Reproduce, unchanged, the lines between the one holding "Trollbloods Troll Axer by roninmodern" and the last line of the records, including both ends, but no pictures.

☆ ☆ ☆ ☆ ☆ ☆ ☆

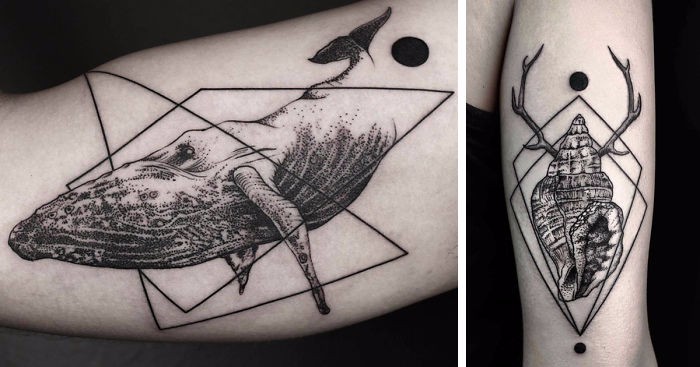 Minimalistyczna seria niesamowitych tatuaży utalentowanego tureckiego artysty.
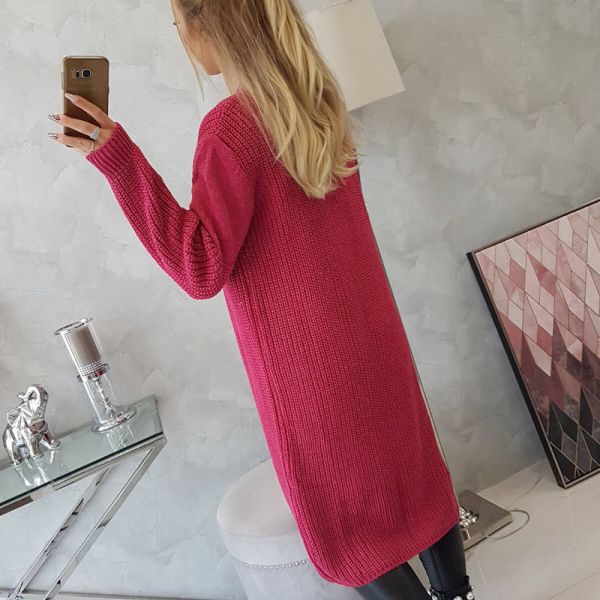 Kesi Londa neuletakki fuksia-6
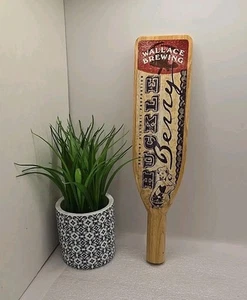 Selten Wallace Brewing Company HUCKLE BERRY Holz Boot Paddel Bier Zapfhahn Griff - Bild 1 von 8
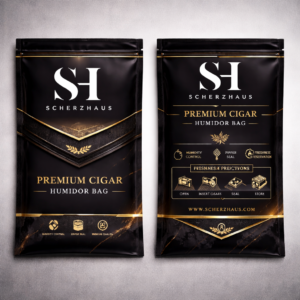 customize plastic zip lock cigar humidor bags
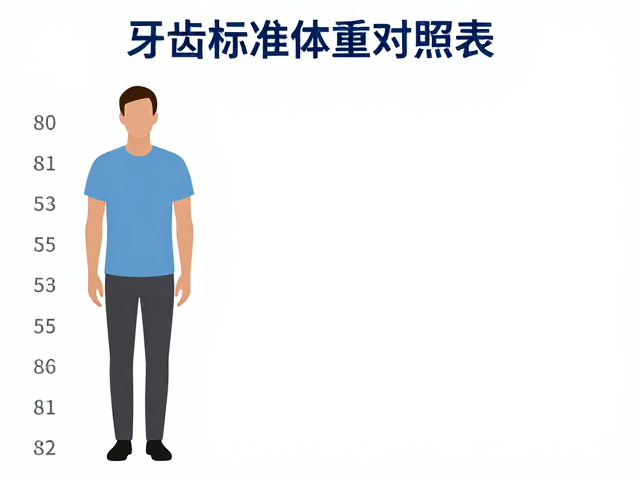 标准体重对照表，牙齿检查与每日新鲜饮水的健康关键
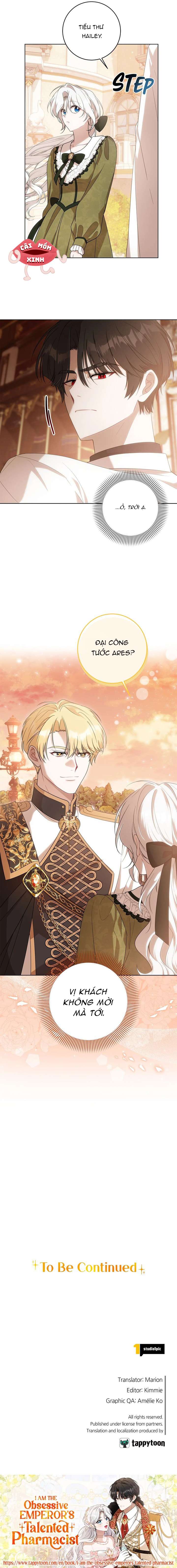 Nữ Dược Sư Của Vị Hoàng Đế Si Tình Chap 13 - Trang 2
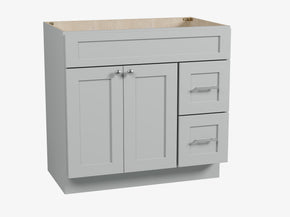Disar 36'' Bathroom Vanity With Drawer Right Base Only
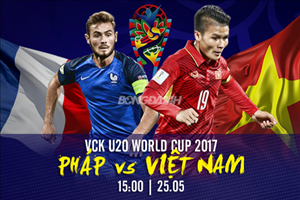 Trận đấu U20 Việt Nam vs U20 Pháp được trực tiếp trên kênh nào?
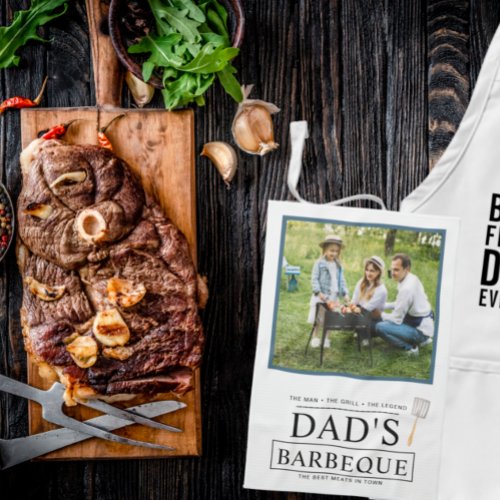 Dads Barbeque  Fathers Day BBQ Photo Towel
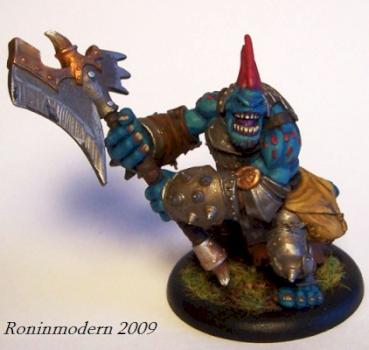 Trollbloods Troll Axer by roninmodern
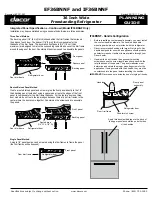 Preview for 4 page of Dacor EF36BNNFSS Planning Manual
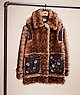 COACH®,UPCRAFTED SIGNATURE SHEARLING COAT,Shearling,Signature C,Front View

☆ ☆ ☆ ☆ ☆ ☆ ☆

[YOUR SOLUTION]:
 Trollbloods Troll Axer by roninmodern
 Preview for 4 page of Dacor EF36BNNFSS Planning Manual
 COACH®,UPCRAFTED SIGNATURE SHEARLING COAT,Shearling,Signature C,Front View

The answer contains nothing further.